The significance of Ge and colleagues' study is tempered by concerns with the validity of MTPs [1
]. There is no widely agreed-upon definition of MTPs. Ge and colleagues used the Travell and Simons' criteria, as noted by Bennett. Tough and colleagues, however, found 19 different diagnostic criteria for MTP pain in an extensive literature review [12
]. Most of those studies cited the work by Travell and Simons yet failed to apply their diagnostic criteria. The systematic review by Lucas and colleagues concluded: 'On the basis of the limited number of studies available, and significant problems with their design, reporting, statistical integrity, and clinical applicability, physical examination cannot currently be recommended as a reliable test for the diagnosis of trigger points' [13
There is significant interobserver variability in the MTP examination. For example, four rheumatologists, including Bennett and myself, and four experts on MFP syndrome performed trigger point and tender point examinations on three groups of subjects (seven patients with FM, eight patients with MFP, and eight healthy persons) while blinded as regards diagnosis [14
]. Active MTPs were found in 18% of patients with FM and MFP, but latent trigger points were rare in all groups. Taut muscle bands and muscle twitches were common (50% and 30%, respectively) and were noted equally in all three diagnostic groups. There were significant problems with interobserver reliability for taut bands, muscle twitch and active trigger points. The interexaminer reproducibility of the MTP examination varies even among experts but improves with a standardized technique and experience [15
]. Palpation of taut bands and muscle-snapping techniques are especially prone to interobserver variability.
MFP experts point to electrophysiologic evidence of muscle pathology. Ge and colleagues report that EMG evidence of spontaneous electrical activity is the only electrophysiological method to document the existence of MTP, and they therefore used this technique [1
]. In their study, the EMG was performed after the manual examination, the needle was 'redirected twice if the first insertion failed to find the spontaneous electrical activity' and the needle electrode length varied with different muscles. Some investigators have been unable to find characteristic spontaneous EMG activity in MTPs [17
]. Other techniques said to demonstrate abnormalities in the MTP, such as microdialysis, magnetic resonance elastography and specialized ultrasound, are not widely available and the results have not been duplicated.
Although MFP is considered a localized muscle pain disorder, there is considerable clinical overlap with FM. Two studies reported that 25 to 42% of subjects with chronic cervical MFP met diagnostic criteria for FM [18
], and two reports found that 75 to 80% of FM patients met the criteria for MFP [19
There is strong evidence that abnormal central pain processing, characteristic of FM, is also prominent in MFP. Similar somatosensory pain profiles are found in both FM and MFP [21
], and women with MFP had bilateral widespread mechanical pain sensitivity [22
]. Bennett mentioned above that sustained mechanical stimulation of latent MTPs induced central sensitization in healthy subjects [14
]. What makes that different from mechanical pressure on tender points inducing central pain? Both Bennett and Ge and colleagues mention that proinflammatory mediators have been reported in MTPs. Similar observations have been found in FM. De Stefano and colleagues found evidence for elevated substance-P immunoreactivity in both MFP and FM [23
MFP is postulated to be typically self-limited whereas FM is postulated as chronic.
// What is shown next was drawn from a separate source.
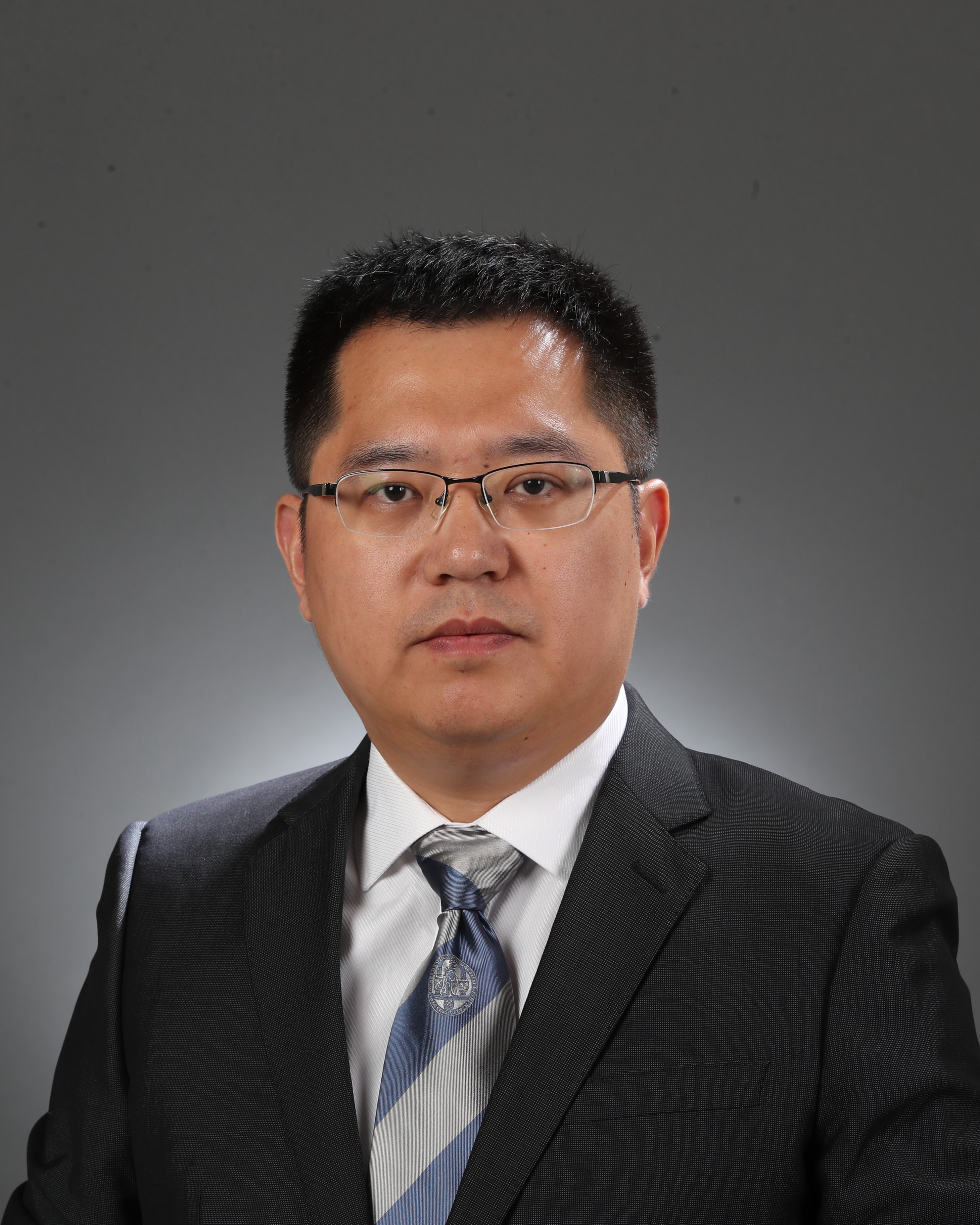 437ccm·必赢国际创新论坛第一千二百二十六讲暨120周年校庆年系列活动：三个罂粟属物种染色体级基因组揭示BIA通路补丁式跳跃演化机制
FM patients are said to have greater co-morbidity and other somatic symptoms, such as fatigue and sleep and mood disturbances. This hypothesis, however, has not been carefully evaluated. MFP experts claim that localized therapy, particularly trigger point injections, are very effective for MTPs but not for tender points. Unfortunately, there are no randomized, controlled studies to document this belief. The uncontrolled studies of multiple different injection techniques, different injectable agents, dry needling and physical modalities attest to lack of universal success. A large, multicenter prospective study comparing subjects who meet criteria for FM, for MFP and for both conditions would be necessary.
Finally, there is no convincing evidence that the MTP can be clinically or pathophysiolgically distinguished from a FM tender point. No study has matched painful muscles containing only tender points with those containing only trigger points. Since trigger points always have a tender point, such a study seems impossible.
Just like fibrositis and fibositic nodules have become historical curiosities, MTPs will eventually be discounted as discrete pathologic abnormalities in the muscle. MFP will be brought into the realm of central pain disorders, including chronic headaches, irritable bowel syndrome, temporomandibular dysfunction and FM. The likelihood that MFP will spread to FM will be attributed to central factors, such as generalized pain tolerance, co-morbid illness and psychosocial factors. Identifying and treating any peripheral pain is a noble pursuit in the management of central pain disorders, such as FM. However, it is unlikely that the MTP is a specific peripheral pain phenomenon.